Let N={0,1,2…} be the set of natural numbers

B={0,1} the set of binary bits

B* is the infinite set of all finite sequences of bits

Bw =(N->B) i.e. it is the infinite set of infinite sequences of bits which give an output. An output of zero or one. Consider the Bw as that set of those bits which have some output (codomain in {0,1})

B** = B* U Bw i.e. B** is the set of all finite sequences of bits and those infinite sequences which have a finite ouput i.e. the finite sequences could either give an output or needn’t give any. This is the computing machine, which can potentially infinite inputs and potentially infinite outputs (remember it is the union between B* which is an infinite set).

Q is a partial function of values between B** and B** i.e. there can be values in B**’s domain which don’t map back to values in B** (that is what a partial function is). Simply put, this means that there are sequences (finite / infinite) which don’t have a solution in B**.

An imperative machine (A, c) is a finite set of actions and control functions. The set A is the set of actions are generally the instructions that are executed in a computation.

A program of length m is represented as p : N->A – a function between the number and set of actions. A way to say that for every N there is one program (actions) of length N. In simple words, a program of length m.

Now, that a program has been defined of length m, it is time to consider the state of the program as it executes (via a thread). bn+1 = p(c(bn))(bn), for bn being the state in B**. Here,

- c(bn) gives the nth number to execute
- p(c(bn)) the nth instruction to execute
- p(c(bn))(bn) – result of this execution (apply the nth instruction determined by c(bn), to the bnth data to get the output of the execution)

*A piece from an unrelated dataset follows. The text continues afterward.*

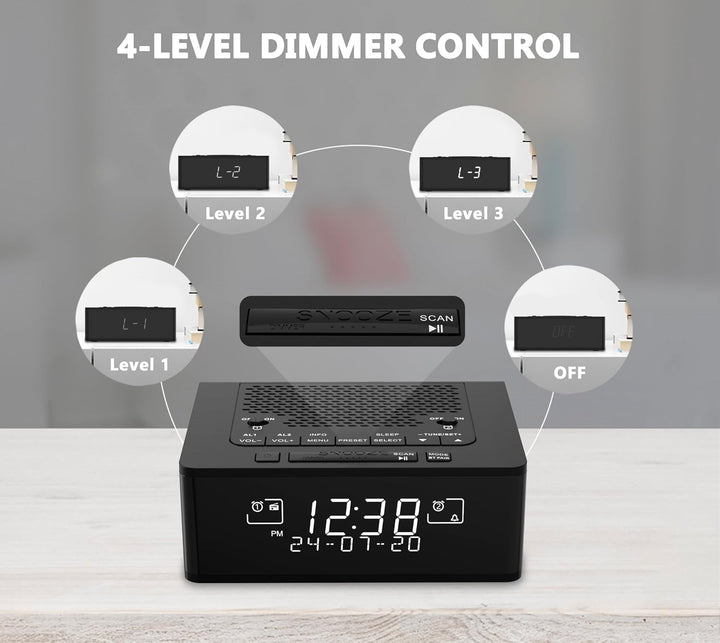 Radiowecker mit Bluetooth Lautsprecher, Digital-FM-Radio mit Schlummer Funktion, Dimmer Steuerung, H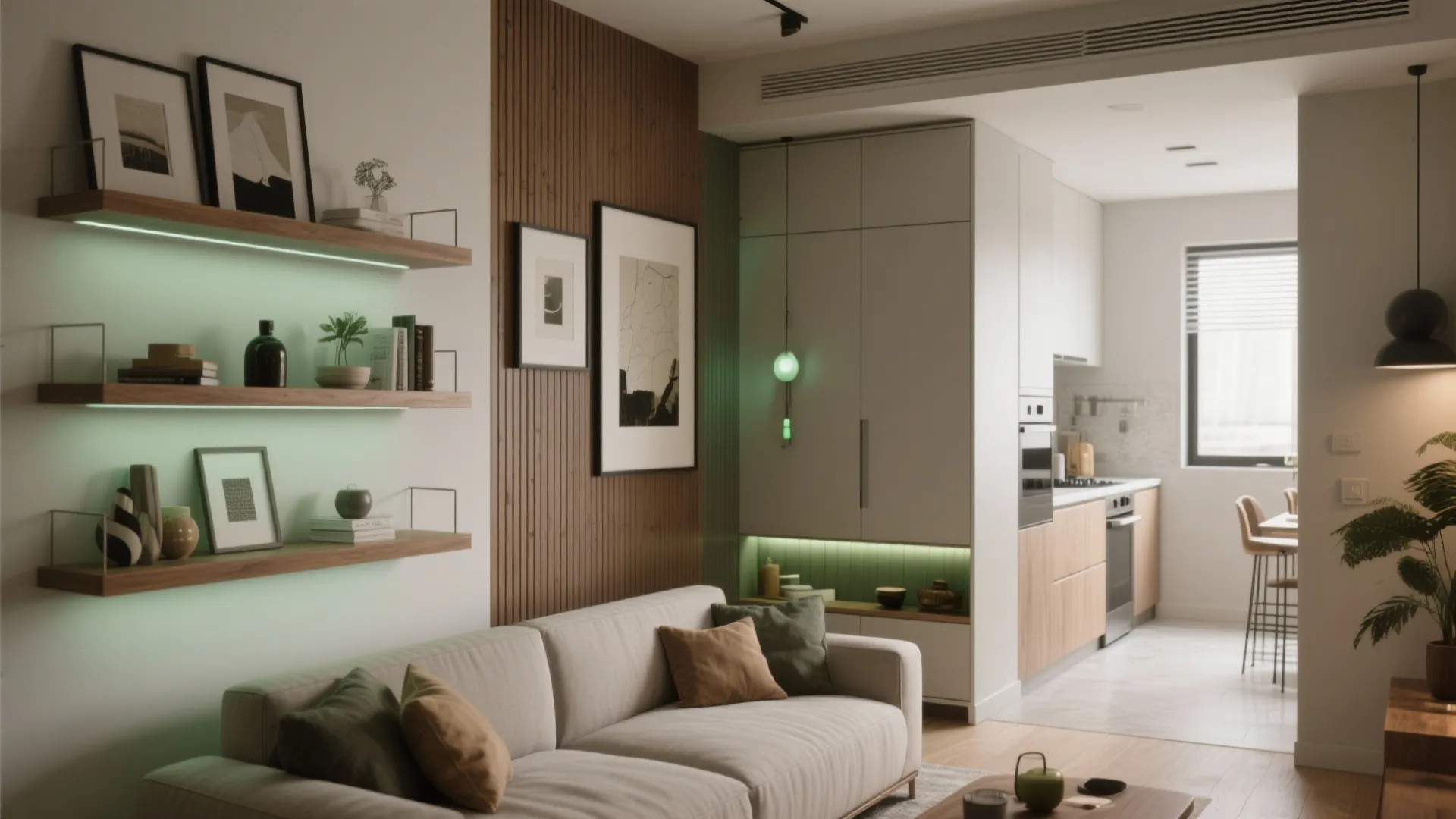 Modern living room with beige sofa green lit wall shelves wood panels and kitchen view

Now, the author explains the actual problem with threads. For a sequential process b(n+1) is always defined for a given n. The output is always deterministic. But, if there are (say) two threads running concurrently accessing this data, then the equation becomes: bn+1 = pi(c(bn))(bn) for i in {1, 2}. (please read the pi as p subscript i). In this case, given the value of i, the next state is determined by either p1(c(bn))(bn) or p2(c(bn))(bn). So, even though, the next instruction as returned by the control function is known, the next state is nondeterministic because of the value of i that is picked up at that instance of time. And of course, if there are two CPUs (or cores) whose time slice is given to both of these threads, then the data access problems become compounded.

I hope I was able to explain the theory (I do know that it is not possible to explain theory withouth the right mathematical symbols, I shall fix that soon, once I get my head around either MathML or using LaTEX in HTML) as to why there is a problem with threads. The last equation of the program presentation is the crux of the complete problem. The bn+1 i.e the next stage is very clearly defined in the case of a sequential program, whereas in the concurrent program with threads, it is not defined. This essentially is the crux of the problem.

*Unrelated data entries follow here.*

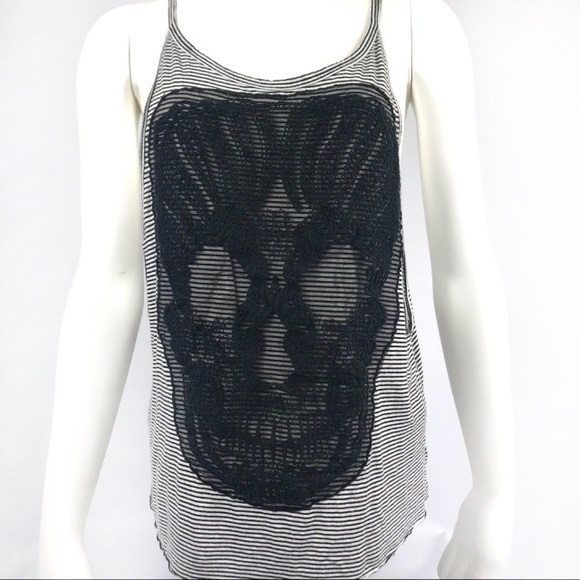 Emma and Sam striped tank with lace skull - S - Picture 2 of 8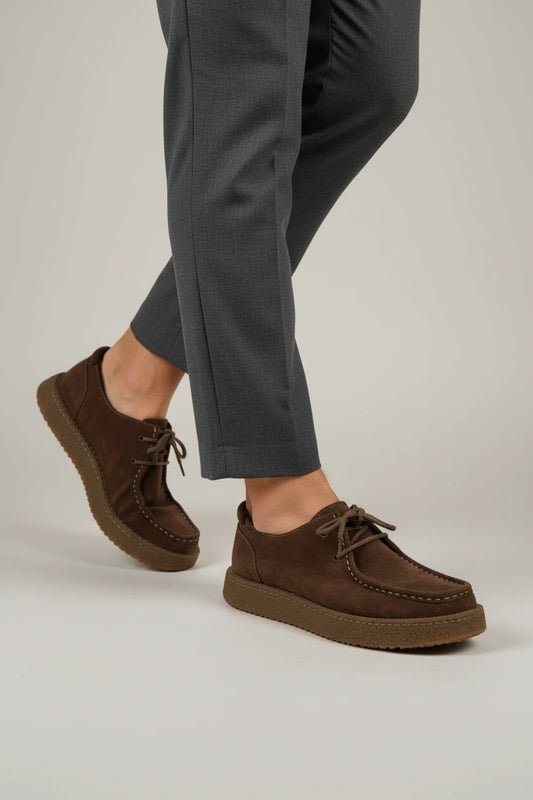 Felix Suede Moccasin - Dark Brown - side walking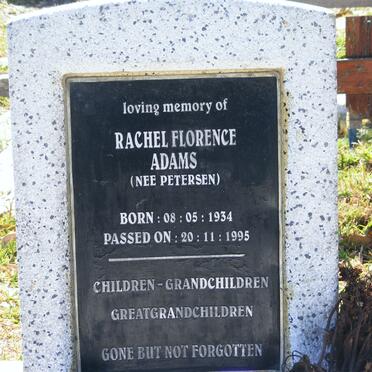 ADAMS Rachel Florence nee PETERSEN 1934-1995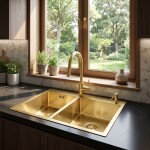 REA - Oceľový drez Toby BRUSH GOLD bez kuchynskej batérie ZLE-06415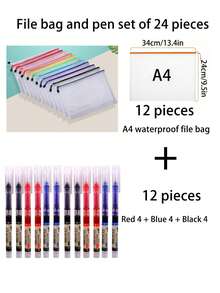 12 个网状拉链袋、文件夹、拼图收纳袋、A3/A4/A5/A6/B3/B4/B5/B6 尺寸 17"X12" 大号可重复使用拉链袋，用于整理教室、棋盘游戏、文具、玩具、发票、文件、旅行、衣服、工具、刷子、铅笔、化妆品、财务印章等、返校、学校用品 - 彩色 - 查看 10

The author at the end of the paper tries to model the concurrent computation thus:

f: (T->B**) -> (T->B**). Here T is an *ordered *set of *tags*. The order of these tags can be determined by various factors like time, causality etc. In simple terms, based on some order within a set of tags, the next instruction to execute is picked, and that tries to find an output from a similar set of outputs – nondeterminism in its fullest.

Please let me know if I have made any factual errors in trying to explain the theory of the problem with threads. The idea behind the post was to make it easy for people to understand what those (sometimes scary) formal symbols actually meant.